I may change my thinking if more evidence comes to light about the nature of the information he actually has and how it can be used to undermine national security in any meaningful way. Until then, to me, he’s just some guy with a misplaced crisis of conscience who hatched an ill thought out plan to bring attention to something that was old news to just about everybody. If he did it for fame, well, he’s got all the notoriety he will ever need/want.

I got your cite right here.

Where are you getting this information?

“my post is the cite upon which I base my claim.”

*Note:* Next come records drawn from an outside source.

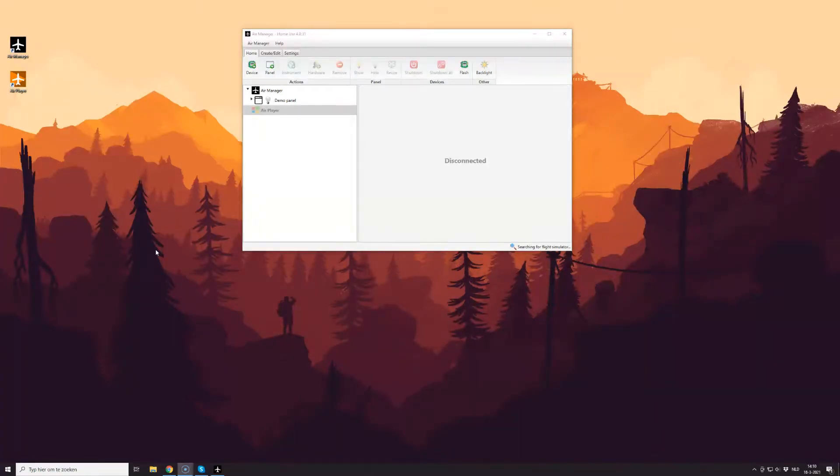Normally, AirPlayer and AirManager are on separate computers, but in this case, for demo purposes, they'll be on the same computer. The procedure is the same, though.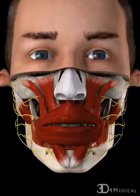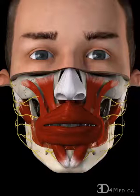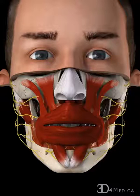A dental implant is used to replace a missing tooth. When a crown is fitted on top of the implant, it gives the appearance of a natural tooth.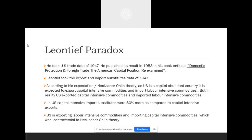As we all know, the US is a capital-abundant country. But when the 1947 data was analyzed, the result was something unexpected. Even after having abundant capital, the US imported capital-intensive commodities from outside nations.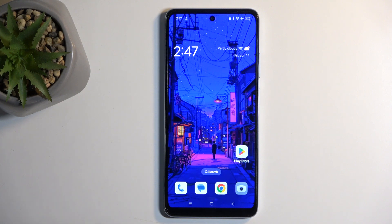So to get started, you will want to open up content that you wish to capture. I'll be using the home screen as an example for this, so it's already open and visible on my screen.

Didn’t someone say something like that around these parts once?

God exists because the Bible says He exists.
The Bible is true because God exists

I think it’s a deeply cultural phenomenon.

I’ve hinted to this in some of my other ramblings about the society structure and persistence of established order over a period of time.

I think people are aware – at some metaphysical collective level – that part of why it is great to be an American is this history of events, more or less managed, that go unquestioned as they are understood to be just a little lapse in a course of American exceptionalism.

Maybe later when I figure out how to express it …

This is IMHO. It’s my opinion, i.e., I’m making it up. What’s the big deal?

Brave underdog uncovers abuse of power by towering giant and risks everything to expose said giant. Meh. Been done too many times to drag the average person away from “The Voice.” Not saying this is how I feel; just one possible theory for why this isn’t exploding around the water coolers.

I do think it is a hysterically funny slap in the face to US officials that so many countries are refusing to cooperate and, if not exactly sheltering Snowden, turning a very blind eye to his whereabouts.

So does this thread mean that the right wing has made up its mind and decided that Snowden is an evil liberal and not a heroic conservative? We were getting mixed signals.

Here’s some news: Did he troll a bunch of journalists into getting stuck on a 12-hour flight to Cuba with no alcoholic beverage service and then having to stay in Cuba for at least 3 days? Plus there’s no real evidence he even went to Moscow other than the word of a single passenger.

Spies spy. That’s their job. This is news? We sure as hell asked them why weren’t they spying the day after 9/11.